Part of this mass production means that the quality of special effects work and other aspects of filmmaking are having to be rushed in order to meet deadlines. Less practical effects are being used in favor of quick computer-generated images. These include everything from explosions and laser beams to some vehicles and backgrounds (especially on alien worlds). In recent years an over-reliance on CGI effects has been felt by some. But the turnaround time is proving to leave a poor taste in the mouth of several fans.

“I think the biggest issue with modern day superhero films or modern-day epic blockbuster movies is their reliance on CGI to tell the most important aspects of a story,” said Tom Brubaker, another digital media and film studies student at the Community College of Baltimore County. “In the ‘89 Batman film it was an epic moment of him putting on an actual outfit and getting dressed up in these actual sets and an actual world versus any Marvel movie, where their suits go from the early 2008 actual practical effect scenes like in ‘Iron Man’ to this nano technology. We're not in suits until we press a little button on our chest and all of a sudden, the CGI suit pops out of nowhere and we're wearing it and essentially that actor, even though they're on set for it, they're literally not in the film because it's a CG character, and the actor may or may not have been on set, but it's not real. And I think the lack of practicality in the superhero films really makes the CGI stand out as how poor it is done.”
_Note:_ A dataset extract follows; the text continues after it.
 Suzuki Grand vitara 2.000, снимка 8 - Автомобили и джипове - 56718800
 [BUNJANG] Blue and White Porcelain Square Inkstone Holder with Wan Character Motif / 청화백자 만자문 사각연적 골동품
Despite lower box office performances and the opinions of their critics, the movies of the superhero genre still have their fans. In 2022, Warner Brothers announced the creation of a new studio devoted solely to production of films based on DC Comics, including characters like Superman, Batman, and Wonder Woman. While movies about these characters have been made before, it had been done without a guiding hand to oversee the longevity of the success of the characters. Hopefully, Marvel Studios and the new DC Studios will be able to recognize the feedback from their audiences and make the necessary changes to keep the legacies of their properties alive.

"Just because someone stumbles and loses their path, doesn't mean they're lost forever."